“I shan’t tell you a word of what I am doing,” he said. “I want you to tell me what you hear. Come into the laboratory.”
The remote guns were silent again as I sat myself, as directed, in a chair close to the gramophone trumpet, but suddenly through the wall I heard the familiar mutter of Mrs. Gabriel’s voice. Horton, already busy with his battery, sprang to his feet.
“That won’t do,” he said. “I want absolute silence.”

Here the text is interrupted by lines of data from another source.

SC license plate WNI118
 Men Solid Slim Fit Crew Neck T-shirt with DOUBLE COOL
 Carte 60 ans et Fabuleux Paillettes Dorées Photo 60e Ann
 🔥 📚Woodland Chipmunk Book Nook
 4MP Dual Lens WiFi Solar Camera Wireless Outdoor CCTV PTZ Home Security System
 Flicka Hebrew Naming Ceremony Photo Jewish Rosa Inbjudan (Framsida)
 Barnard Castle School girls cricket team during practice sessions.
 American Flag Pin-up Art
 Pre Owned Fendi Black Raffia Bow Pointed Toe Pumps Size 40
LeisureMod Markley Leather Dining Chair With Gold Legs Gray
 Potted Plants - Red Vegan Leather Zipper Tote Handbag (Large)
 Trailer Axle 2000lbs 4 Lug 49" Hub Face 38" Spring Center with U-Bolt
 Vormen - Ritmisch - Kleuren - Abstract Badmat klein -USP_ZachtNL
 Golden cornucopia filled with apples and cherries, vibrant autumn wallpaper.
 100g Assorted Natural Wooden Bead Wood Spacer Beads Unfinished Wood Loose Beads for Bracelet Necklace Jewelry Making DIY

He went out of the room, and I heard him calling to her. While he was gone I observed more closely what was on the table. Battery, round steel globe, and gramophone trumpet were there, and some sort of a needle on a spiral steel spring linked up with the battery and the glass vessel, in which I had seen the frog’s heart beat. In it now there lay a fragment of grey matter.
Horton came back in a minute or two, and stood in the middle of the room listening.
“That’s better,” he said. “Now I want you to listen at the mouth of the trumpet. I’ll answer any questions afterwards.”
With my ear turned to the trumpet, I could see nothing of what he was doing, and I listened till the silence became a rustling in my ears. Then suddenly that rustling ceased, for it was overscored by a whisper which undoubtedly came from the aperture on which my aural attention was fixed. It was no more than the faintest murmur, and though no words were audible, it had the timbre of a human voice.
“Well, do you hear anything?” asked Horton.
“Yes, something very faint, scarcely audible.”
“Describe it,” said he.
“Somebody whispering.”
“I’ll try a fresh place,” said he.
The silence descended again; the mutter of the distant guns was still mute, and some slight creaking from my shirt front, as I breathed, alone broke it. And then the whispering from the gramophone trumpet began again, this time much louder than it had been before—it was as if the speaker (still whispering) had advanced a dozen yards—but still blurred and indistinct. More unmistakable, too, was it that the whisper was that of a human voice, and every now and then, whether fancifully or not, I thought I caught a word or two. For a moment it was silent altogether, and then with a sudden inkling of what I was listening to I heard something begin to sing. Though the words were still inaudible there was melody, and the tune was “Tipperary.” From that convolvulus-shaped trumpet there came two bars of it.
“And what do you hear now?” cried Horton with a crack of exultation in his voice. “Singing, singing! That’s the tune they all sang. Fine music that from a dead man. Encore! you say? Yes, wait a second, and he’ll sing it again for you. Confound it, I can’t get on to the place. Ah! I’ve got it: listen again.”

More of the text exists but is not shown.